→ Work instruction
Identify each line below containing the string "Love" and copy it.

→ Source information
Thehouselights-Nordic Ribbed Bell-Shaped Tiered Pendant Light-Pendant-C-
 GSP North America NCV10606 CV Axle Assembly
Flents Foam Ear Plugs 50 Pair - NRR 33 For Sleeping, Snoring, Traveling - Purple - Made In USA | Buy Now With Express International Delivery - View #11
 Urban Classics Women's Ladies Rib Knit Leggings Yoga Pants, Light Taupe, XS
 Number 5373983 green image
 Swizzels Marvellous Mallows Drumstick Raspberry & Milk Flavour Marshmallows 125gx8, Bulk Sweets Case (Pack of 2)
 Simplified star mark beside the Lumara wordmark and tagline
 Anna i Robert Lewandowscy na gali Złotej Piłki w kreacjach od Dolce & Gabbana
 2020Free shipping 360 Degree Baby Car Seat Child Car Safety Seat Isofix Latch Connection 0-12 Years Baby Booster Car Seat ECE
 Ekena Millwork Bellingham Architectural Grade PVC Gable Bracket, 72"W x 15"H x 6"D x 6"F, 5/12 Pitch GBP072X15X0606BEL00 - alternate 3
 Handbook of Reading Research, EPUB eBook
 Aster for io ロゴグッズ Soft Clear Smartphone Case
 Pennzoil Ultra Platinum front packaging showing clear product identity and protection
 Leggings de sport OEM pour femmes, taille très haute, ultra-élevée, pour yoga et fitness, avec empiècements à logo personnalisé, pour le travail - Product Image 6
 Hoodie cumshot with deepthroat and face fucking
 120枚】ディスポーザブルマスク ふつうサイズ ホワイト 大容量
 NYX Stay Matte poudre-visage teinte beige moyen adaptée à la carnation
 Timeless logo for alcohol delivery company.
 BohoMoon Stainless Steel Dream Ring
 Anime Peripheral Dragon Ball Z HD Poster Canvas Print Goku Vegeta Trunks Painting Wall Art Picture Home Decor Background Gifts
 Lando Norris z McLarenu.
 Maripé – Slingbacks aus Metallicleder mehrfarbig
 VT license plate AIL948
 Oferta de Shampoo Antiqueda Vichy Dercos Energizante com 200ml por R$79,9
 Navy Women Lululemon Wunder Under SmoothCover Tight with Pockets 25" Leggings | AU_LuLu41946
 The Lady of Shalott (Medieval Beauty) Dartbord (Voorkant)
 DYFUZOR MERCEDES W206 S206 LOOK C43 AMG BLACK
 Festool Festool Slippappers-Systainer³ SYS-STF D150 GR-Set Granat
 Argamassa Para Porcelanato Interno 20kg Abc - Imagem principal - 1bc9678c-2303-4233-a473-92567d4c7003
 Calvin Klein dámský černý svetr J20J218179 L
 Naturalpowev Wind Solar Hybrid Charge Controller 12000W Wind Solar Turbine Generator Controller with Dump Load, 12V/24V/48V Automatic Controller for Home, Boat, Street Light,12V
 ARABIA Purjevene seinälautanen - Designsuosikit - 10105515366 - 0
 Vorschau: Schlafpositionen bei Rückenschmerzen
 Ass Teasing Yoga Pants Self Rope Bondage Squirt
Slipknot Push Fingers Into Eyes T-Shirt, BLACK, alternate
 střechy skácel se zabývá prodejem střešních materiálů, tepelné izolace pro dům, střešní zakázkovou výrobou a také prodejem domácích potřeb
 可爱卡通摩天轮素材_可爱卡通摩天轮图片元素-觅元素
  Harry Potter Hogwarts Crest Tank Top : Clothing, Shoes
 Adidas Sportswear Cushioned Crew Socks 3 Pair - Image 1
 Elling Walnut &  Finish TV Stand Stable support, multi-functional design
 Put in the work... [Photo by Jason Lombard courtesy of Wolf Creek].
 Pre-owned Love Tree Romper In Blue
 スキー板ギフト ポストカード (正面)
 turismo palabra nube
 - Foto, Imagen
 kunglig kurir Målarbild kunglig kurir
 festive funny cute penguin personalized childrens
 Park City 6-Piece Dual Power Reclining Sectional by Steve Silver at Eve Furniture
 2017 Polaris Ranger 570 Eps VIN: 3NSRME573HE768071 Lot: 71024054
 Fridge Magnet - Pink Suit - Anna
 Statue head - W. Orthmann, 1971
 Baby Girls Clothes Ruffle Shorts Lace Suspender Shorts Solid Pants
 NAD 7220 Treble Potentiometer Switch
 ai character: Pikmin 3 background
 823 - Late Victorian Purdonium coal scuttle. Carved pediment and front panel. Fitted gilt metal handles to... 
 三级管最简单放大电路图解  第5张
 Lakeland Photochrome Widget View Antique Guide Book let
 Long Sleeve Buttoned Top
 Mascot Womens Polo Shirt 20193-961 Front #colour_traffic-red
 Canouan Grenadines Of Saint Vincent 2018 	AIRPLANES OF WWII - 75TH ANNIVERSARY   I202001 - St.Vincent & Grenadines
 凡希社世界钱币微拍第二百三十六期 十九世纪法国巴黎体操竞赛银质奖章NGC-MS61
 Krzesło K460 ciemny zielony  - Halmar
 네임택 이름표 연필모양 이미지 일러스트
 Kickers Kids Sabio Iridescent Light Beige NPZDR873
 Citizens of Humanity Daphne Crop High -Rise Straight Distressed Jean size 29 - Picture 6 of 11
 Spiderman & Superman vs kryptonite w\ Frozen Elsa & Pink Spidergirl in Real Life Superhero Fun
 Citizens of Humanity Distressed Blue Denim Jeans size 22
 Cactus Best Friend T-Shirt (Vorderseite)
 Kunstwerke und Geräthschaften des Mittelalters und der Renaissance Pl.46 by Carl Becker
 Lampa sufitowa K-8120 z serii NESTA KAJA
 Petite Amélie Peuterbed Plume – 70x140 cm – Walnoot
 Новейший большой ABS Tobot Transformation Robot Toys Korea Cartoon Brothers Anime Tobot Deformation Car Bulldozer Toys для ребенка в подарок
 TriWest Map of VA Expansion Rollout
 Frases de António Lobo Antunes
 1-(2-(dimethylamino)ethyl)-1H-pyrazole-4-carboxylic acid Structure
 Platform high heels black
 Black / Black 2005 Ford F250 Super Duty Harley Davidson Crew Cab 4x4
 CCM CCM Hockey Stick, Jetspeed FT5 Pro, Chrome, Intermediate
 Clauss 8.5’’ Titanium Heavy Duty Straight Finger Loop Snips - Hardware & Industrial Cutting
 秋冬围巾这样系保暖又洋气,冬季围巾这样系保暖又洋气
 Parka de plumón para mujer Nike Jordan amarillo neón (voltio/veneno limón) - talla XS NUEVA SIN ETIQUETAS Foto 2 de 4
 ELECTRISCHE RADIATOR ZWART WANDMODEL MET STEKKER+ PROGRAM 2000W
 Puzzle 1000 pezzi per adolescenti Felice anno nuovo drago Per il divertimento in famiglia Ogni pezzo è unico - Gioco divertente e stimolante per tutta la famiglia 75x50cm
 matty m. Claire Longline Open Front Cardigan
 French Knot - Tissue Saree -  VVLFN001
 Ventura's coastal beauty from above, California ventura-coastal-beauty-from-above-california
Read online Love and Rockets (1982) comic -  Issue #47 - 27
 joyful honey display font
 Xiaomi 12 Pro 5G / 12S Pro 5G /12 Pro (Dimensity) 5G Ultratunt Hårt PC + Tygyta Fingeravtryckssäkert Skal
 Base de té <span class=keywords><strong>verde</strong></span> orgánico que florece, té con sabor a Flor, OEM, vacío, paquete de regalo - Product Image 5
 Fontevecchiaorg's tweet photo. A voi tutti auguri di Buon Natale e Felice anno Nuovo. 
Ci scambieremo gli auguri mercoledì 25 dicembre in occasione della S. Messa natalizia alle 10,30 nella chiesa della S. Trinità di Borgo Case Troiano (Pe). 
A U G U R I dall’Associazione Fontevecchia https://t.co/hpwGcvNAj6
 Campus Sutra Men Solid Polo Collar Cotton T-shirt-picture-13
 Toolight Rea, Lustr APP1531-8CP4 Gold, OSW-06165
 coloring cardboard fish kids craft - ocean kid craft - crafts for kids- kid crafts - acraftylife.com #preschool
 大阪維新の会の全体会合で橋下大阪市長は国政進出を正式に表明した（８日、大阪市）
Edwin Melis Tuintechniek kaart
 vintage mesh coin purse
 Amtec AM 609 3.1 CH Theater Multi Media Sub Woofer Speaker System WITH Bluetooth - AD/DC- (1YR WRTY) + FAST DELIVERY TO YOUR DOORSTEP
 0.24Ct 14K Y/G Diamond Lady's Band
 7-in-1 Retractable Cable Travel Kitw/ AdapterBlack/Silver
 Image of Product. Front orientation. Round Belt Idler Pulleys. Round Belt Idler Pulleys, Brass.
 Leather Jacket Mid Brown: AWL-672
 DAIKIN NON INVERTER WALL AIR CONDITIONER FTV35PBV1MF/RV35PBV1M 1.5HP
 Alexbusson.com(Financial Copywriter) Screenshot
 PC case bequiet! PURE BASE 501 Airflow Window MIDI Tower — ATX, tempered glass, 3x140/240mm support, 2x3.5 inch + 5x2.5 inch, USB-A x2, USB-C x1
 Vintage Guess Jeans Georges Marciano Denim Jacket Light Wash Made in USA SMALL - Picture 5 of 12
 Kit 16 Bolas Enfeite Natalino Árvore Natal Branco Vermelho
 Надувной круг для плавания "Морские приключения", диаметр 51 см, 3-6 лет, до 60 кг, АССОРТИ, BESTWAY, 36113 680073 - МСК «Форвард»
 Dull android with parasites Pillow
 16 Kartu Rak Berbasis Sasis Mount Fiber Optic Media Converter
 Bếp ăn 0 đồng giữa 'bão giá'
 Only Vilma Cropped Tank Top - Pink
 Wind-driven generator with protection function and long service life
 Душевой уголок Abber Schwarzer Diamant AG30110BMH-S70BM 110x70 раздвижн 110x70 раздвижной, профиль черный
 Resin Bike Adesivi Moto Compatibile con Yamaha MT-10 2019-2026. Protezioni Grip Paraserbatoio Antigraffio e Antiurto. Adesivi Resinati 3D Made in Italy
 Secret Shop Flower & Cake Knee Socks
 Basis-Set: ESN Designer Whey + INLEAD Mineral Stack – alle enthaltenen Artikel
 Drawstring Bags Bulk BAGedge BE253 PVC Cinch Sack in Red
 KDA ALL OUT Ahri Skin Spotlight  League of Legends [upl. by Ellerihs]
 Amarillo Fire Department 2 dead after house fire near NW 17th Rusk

→ Result
 Pre-owned Love Tree Romper In Blue
Read online Love and Rockets (1982) comic -  Issue #47 - 27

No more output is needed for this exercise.